The needed output is the run of lines below from the one containing "Détail de la" through the one containing "Red Zip Up Tube Top - Picture 1 of 2", copied exactly and free of pictures.

------ RECORDED DATA

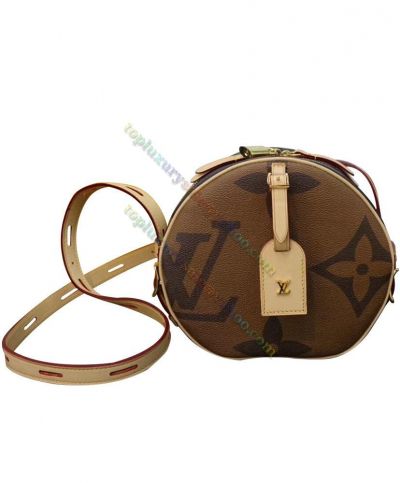 Louis Vuitton Boite Chapeau Souple Leather Name Tag Large Monogram Pattern High End Ladies  Brown Canvas Crossbody Bag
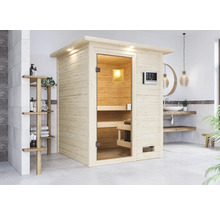 Moderne Badezimmerszene mit Holzsauna, Regal und Waschtisch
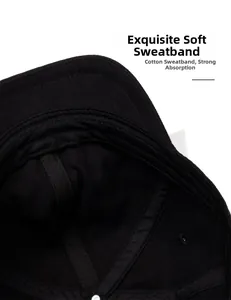 Détail de la bande de transpiration en coton doux dans la casquette de baseball noire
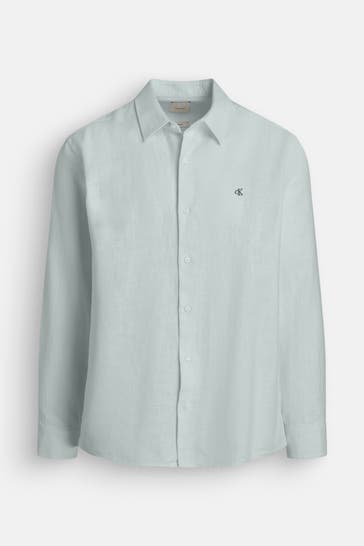 CK JEANS Leinenmix-Hemd mint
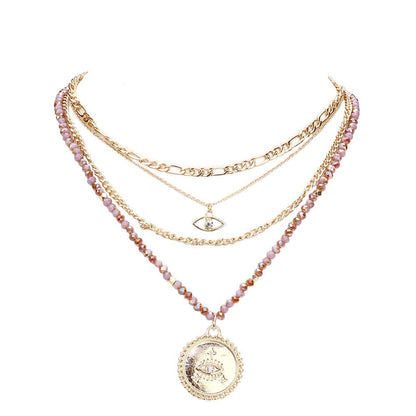 Pink Stone Embellished Evil Eye Pendant Multi Layered Bib Necklace. Beautifully crafted design adds a gorgeous glow to any outfit. Jewelry that fits your lifestyle! Perfect Birthday Gift, Anniversary Gift, Mother's Day Gift, Anniversary Gift, Graduation Gift, Prom Jewelry, Just Because Gift, Thank you Gift.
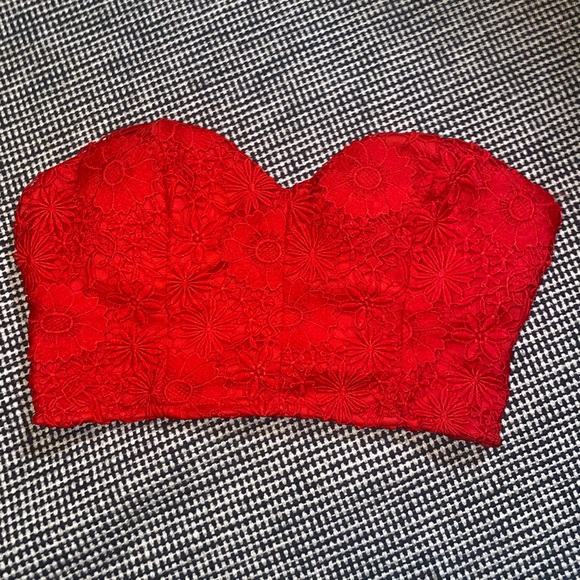 Red Zip Up Tube Top - Picture 1 of 2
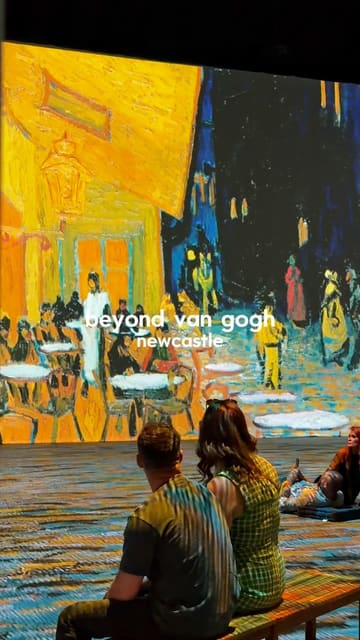 A montage showcasing the 'Beyond Van Gogh' immersive art exhibition at the Utilita Arena in Newcastle, featuring projections of famous paintings on walls and floors, and visitors interacting with the space.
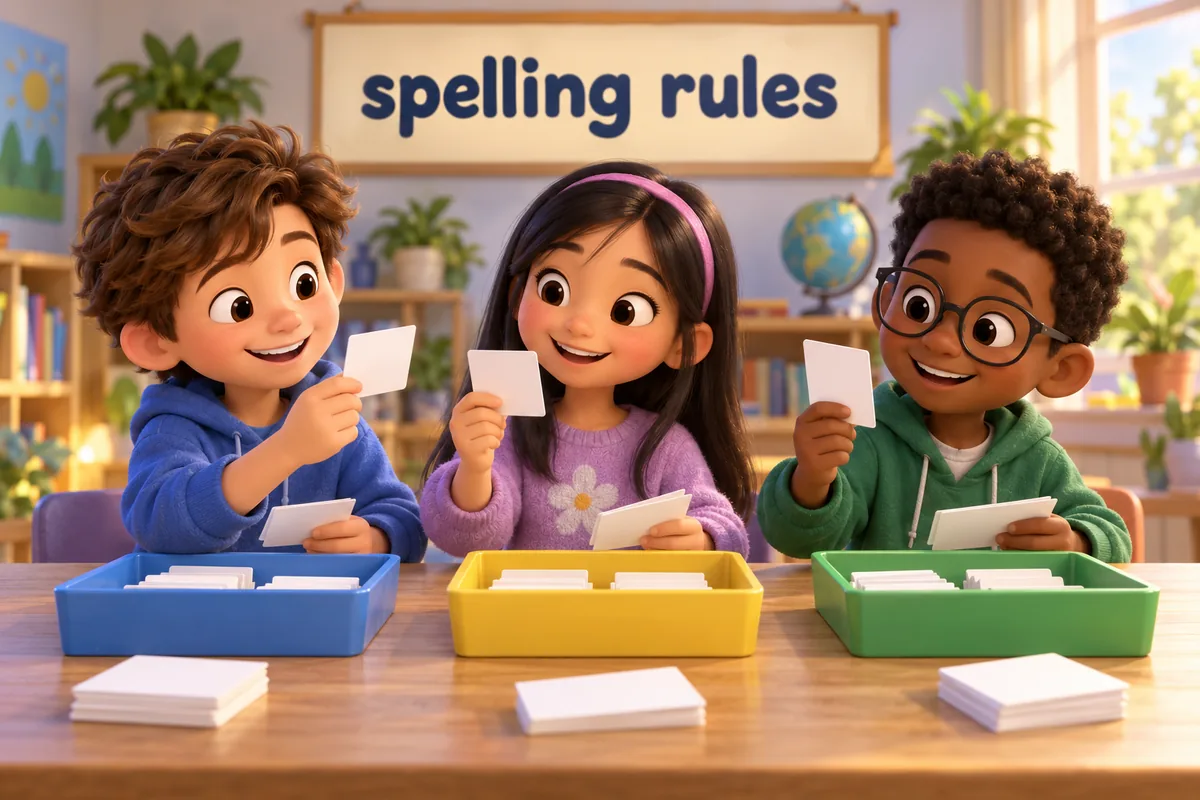 Cartoon children sort verb cards beside three trays labelled for the e, y and double-consonant rules.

------------

■ **RESPONSE FOR THIS EXERCISE**
 Détail de la bande de transpiration en coton doux dans la casquette de baseball noire
 CK JEANS Leinenmix-Hemd mint
 Pink Stone Embellished Evil Eye Pendant Multi Layered Bib Necklace. Beautifully crafted design adds a gorgeous glow to any outfit. Jewelry that fits your lifestyle! Perfect Birthday Gift, Anniversary Gift, Mother's Day Gift, Anniversary Gift, Graduation Gift, Prom Jewelry, Just Because Gift, Thank you Gift.
 Red Zip Up Tube Top - Picture 1 of 2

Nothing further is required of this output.